Art. 102. Nous arrivons à la condition la plus importante pour la validité du gage à l'égard des tiers ; à savoir, la remise de la possession effective de la chose aux mains du créancier. C'est cette possession qui donne an gage le caractère de “nantissement” et qui fait donner au contrat la qualification de réel, comme l'ont déjà le prêt de consommation, le prêt à usage et le dépôt, avec cette différence pourtant que, dans ces trois contrats, c'est la nature des choses qui exige cette tradition, tandis qu'ici c'est une raison de droit et d'utilité, le besoin d'une sorte de publicité.
En effet, les deux prêts n'auraient aucune utilité pour l'emprunteur, si la chose prêtée n'était mise à sa disposition, et le dépôt ne serait d'aucune utilité pour le déposant, si le dépositaire ne recevait la possession et la garde de la chose déposée. An contraire, on comprendrait très-bien que le gage fût utile au créancier sans lui être livré : le créancier pourrait avoir le droit de faire déclarer milles à son égar dles aliénations de l'objet faites par le débiteur, et aussi de se faire attribuer la valeur du gage, par préférence aux autres créanciers ; cette situation est si bien compréhensible qu'elle était, à Rome, celle du créancier ayant hypothèque sur un meuble ou sur un immeuble, et qu'elle est encore aujourd'hui, peut-être partout, celle du créancier ayant hypothèque sur un immeuble.
Mais en même temps qu'on reconnaît la possibilité de tels avantages pour le créancier, sans la tradition de la chose, on voit aussi combien elle serait dangereuse pour les tiers. Lorsqu'il s'agit d'hypothèque sur les immeubles, il a été possible d'en organiser une publicité suffisante pour que les tiers ne s'exposassent pas à des évictions, en acquérant des biens hypothéqués à leur insu, ou ne devinssent pas créanciers d'un débiteur dont les immeubles seraient déjà grevés pour tout ou partie de leur valeur. Mais une semblable publicité ne pouvait être organisée pour le gage des meubles qui n'ont pas de situation fixe. C'est donc dans le même but, mais par un autre moyen, qu'on a imaginé de révéler aux tiers intéressés l'affectation d'un meuble à l'acquittement d'une obligation.

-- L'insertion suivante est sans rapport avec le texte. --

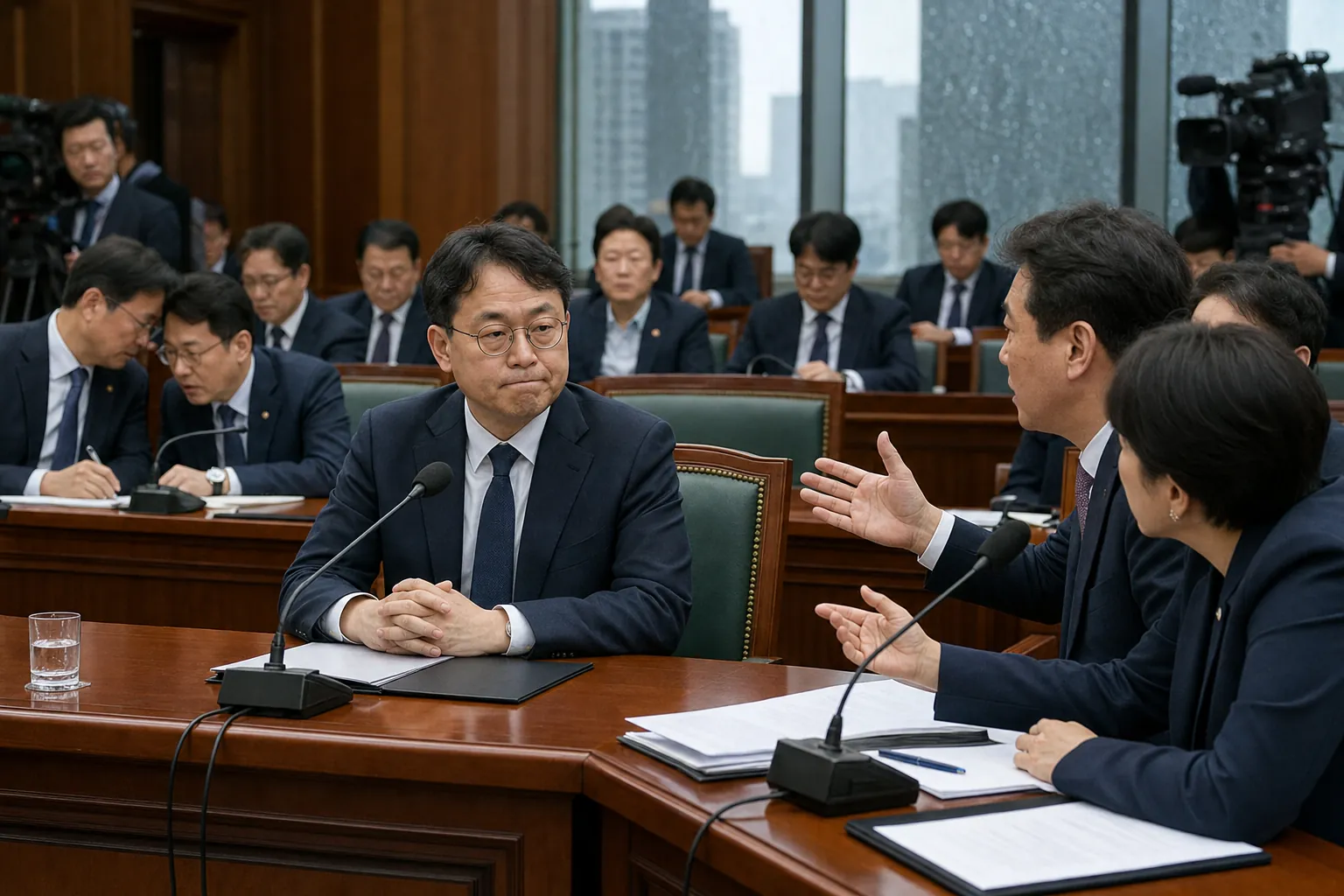 여야, 정무위서 단일종목 레버리지 ETF 질타…보완책 촉구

Le gage sera livré au créancier gagiste ; et comme le débiteur, lors même qu'il l'aliénerait, ne pourra le livrer à son acheteur ou donataire, celui-ci ne pourra invoquer contre le créancier gagiste la prescription instantanée ; c'est, au contraire, le créancier gagiste qui, joignant à un droit réel mobilier la possession effective, sera préféré à l'acquéreur (voy. Liv. des Biens, art. 34). De même, la possession du créancier gagiste empêchera que les autres créanciers ne considèrent l'objet donné en gage spécial comme faisant encore partie du gage commun (v. art. 1er, ci-dessus).
Voilà comment on peut dire que la remise de la chose en nantissement, aux mains du créancier, est une sorte de publicité du gage : c'est la plus pratique, en même temps que la moins coûteuse.

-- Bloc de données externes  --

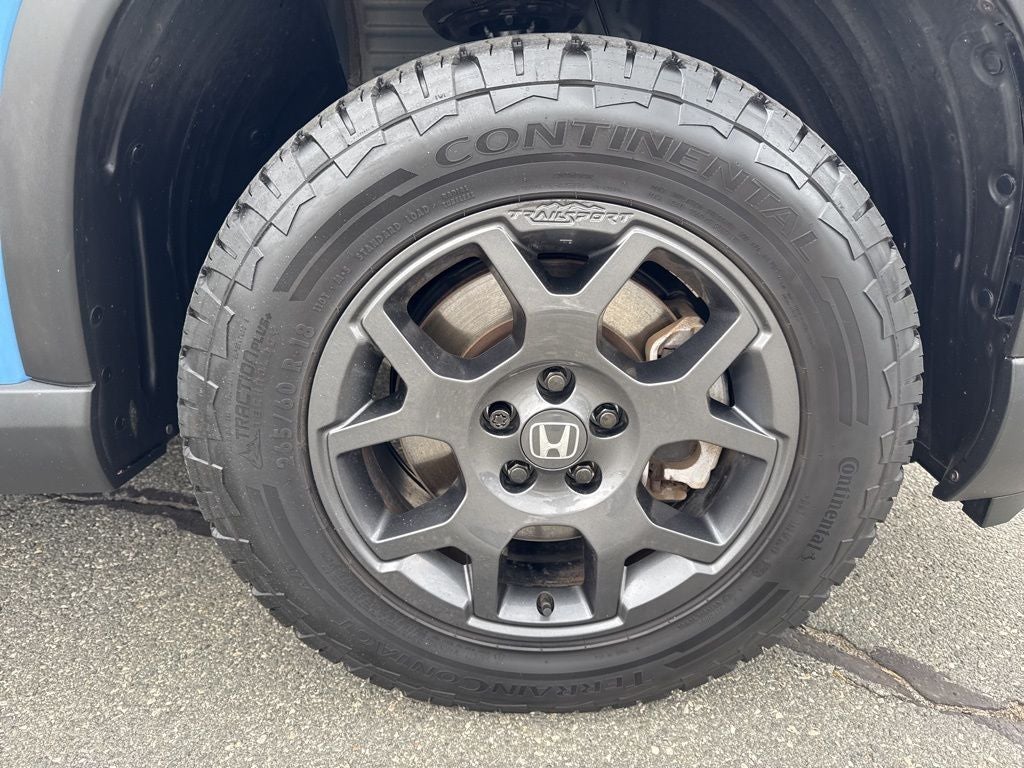 2024 Honda Pilot TrailSport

La possession du créancier n'est pas seulement la condition de la constitution originaire du gage, elle est aussi la condition de sa conservation : il faut que le gage reste en sa possession “ réelle et continue ; ” autrement, la sécurité des tiers serait compromise. Le gage cesse donc lorsque le créancier a laissé la chose rentrer dans les mains du débiteur ou de son représentant et, de cette façon, on peut dire que la rétention du gage n'est pas seulement, comme le dira l'article 110, un droit pour le créancier gagiste, mais qu'elle est aussi pour lui un devoir.
La possession doit être réelle ou effective ; il ne serait donc pas permis qu'elle fût laissée au débiteur par un constitut possessoire, comme on pourrait laisser la chose vendue aux mains du vendeur ; elle ne pourrait pas davantage lui être laissée à titre de louage, de dépôt ou de prêt à usage : les dangers, les fraudes que la loi veut prévenir se retrouveraient possibles dans une telle situation. L'article 106 défendra au créancier de louer la chose à uu tiers, sauf un tempérament.
Ce qui est permis c'est que la chose soit remise ou deposée aux mains d'un tiers choisi par les deux parties d'accord, ou par le créancier seul, sous sa responsabilité. Quelquefois, ce sera le débiteur qui, peu confiant dans la vigilance ou l'honnêteté du créancier, exigera ce dépôt en mains tierces ; d'autres fois, ce sera le créancier qui n'aura pas la facilité de conserver le gage chez lui.
Le présent article est écrit pour le gage consistant dans des “choses corporelles,” les seules qui soient susceptibles de possession réelle ; mais les titres dits au porteur, ceux pour lesquels le droit est attaché à la détention du titre, sont assimilés aux choses corporelles (v. art. 316 précité).